**Try it**
Take the line containing "-上海博物馆(人民广场馆)" and each line after it through the end of the data below, and return them exactly, minus any pictures.

**Material shown**
_ _ _

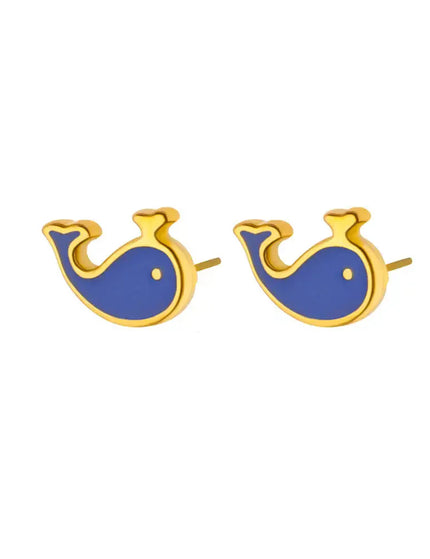 Mimzie Earrings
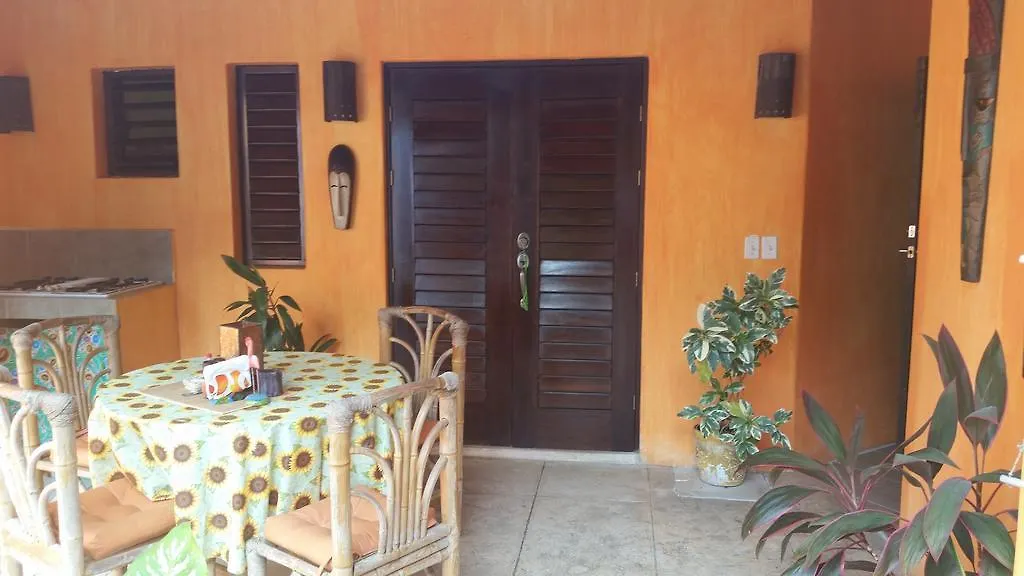 ***  Casita De Maya Boutique Hotel Cozumel Mexico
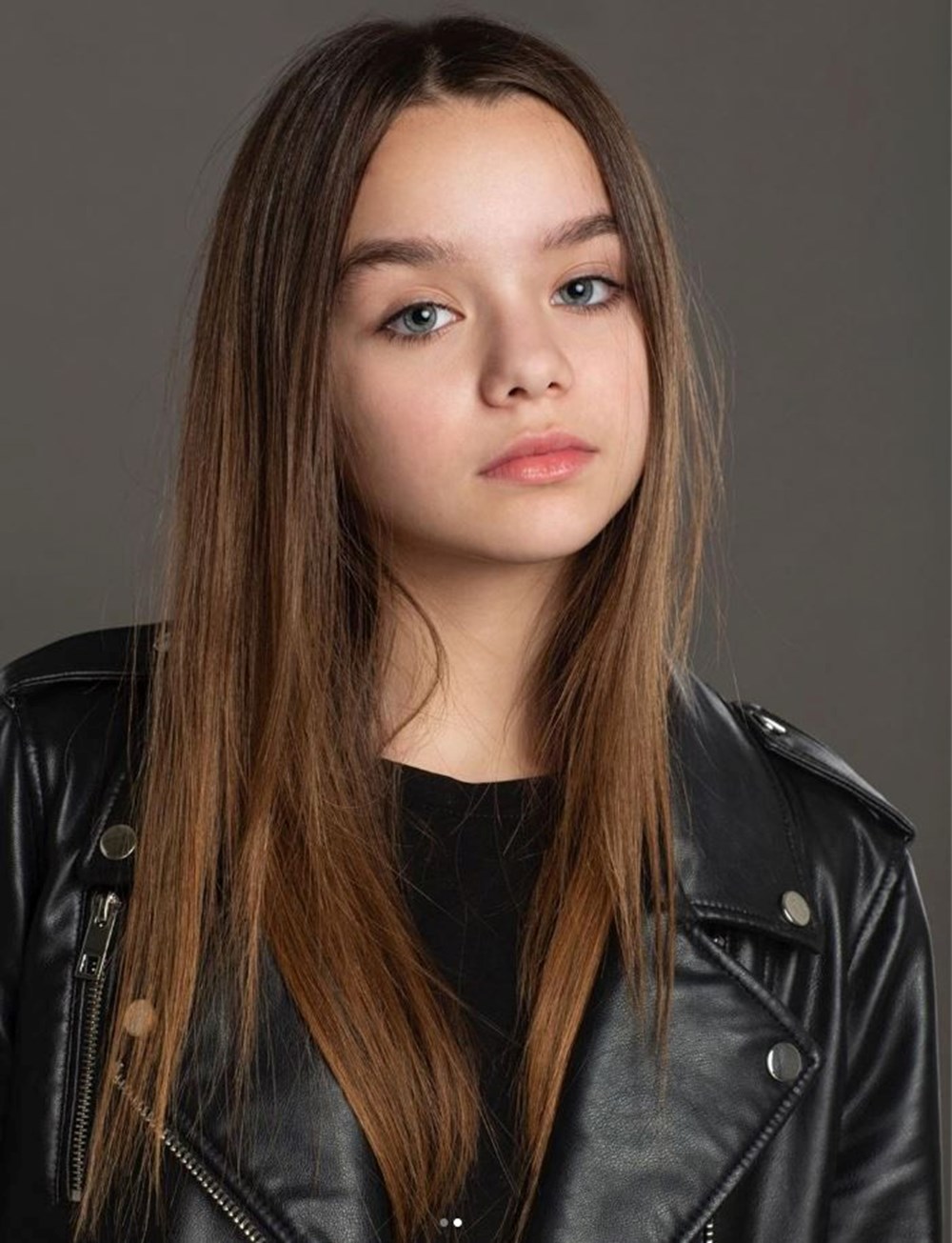 Dünyanın En Güzel Kızı Anastasia Knyazeva büyüdü! İşte genç kızın son ...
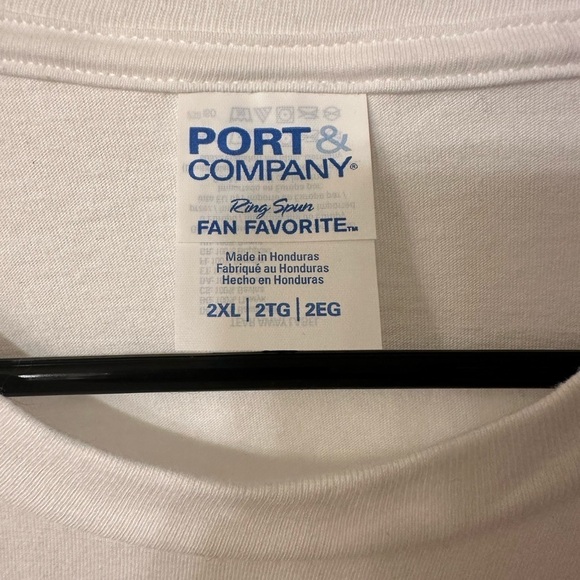 Graphic Tee - Picture 3 of 4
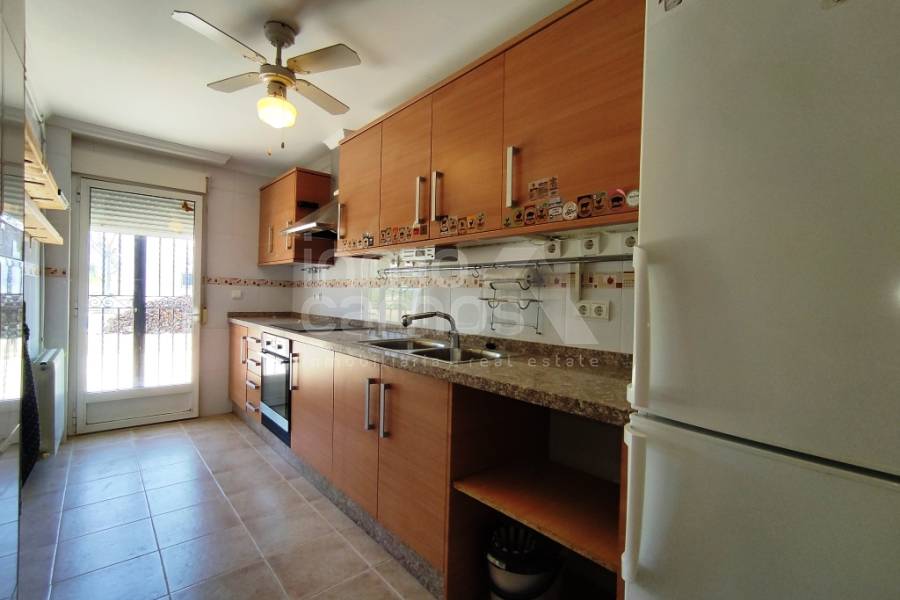 Te koop - Landhuis - Agres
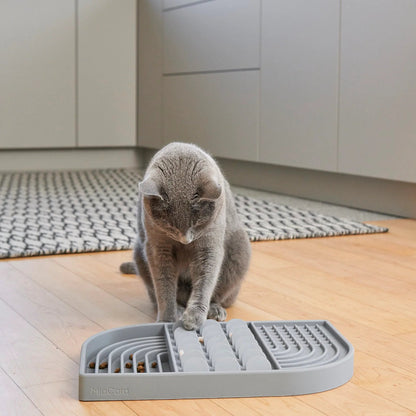 Aperitivo – Beschäftigungsspielzeug für Katzen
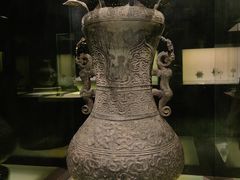 -上海博物馆(人民广场馆)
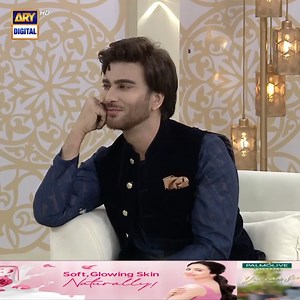 10M views · 309K reactions | More about Imran Abbas and his life Watch the entire show on YouTube: t.ly/QXQeb #ShanERamazan #Ramzan #ShanESuhoor #NidaYasir #ImranAbbas #MaheRamzan #RamzanMubarak #RamzanShows #ARYDigital | ARY Digital | Facebook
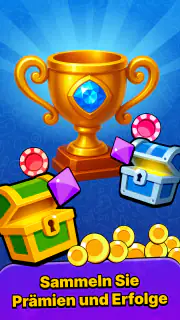 Quiz Blitz: Denkspaß & Rätsel screenshot 7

_ _ _

**Task answer**
 -上海博物馆(人民广场馆)
 10M views · 309K reactions | More about Imran Abbas and his life Watch the entire show on YouTube: t.ly/QXQeb #ShanERamazan #Ramzan #ShanESuhoor #NidaYasir #ImranAbbas #MaheRamzan #RamzanMubarak #RamzanShows #ARYDigital | ARY Digital | Facebook
 Quiz Blitz: Denkspaß & Rätsel screenshot 7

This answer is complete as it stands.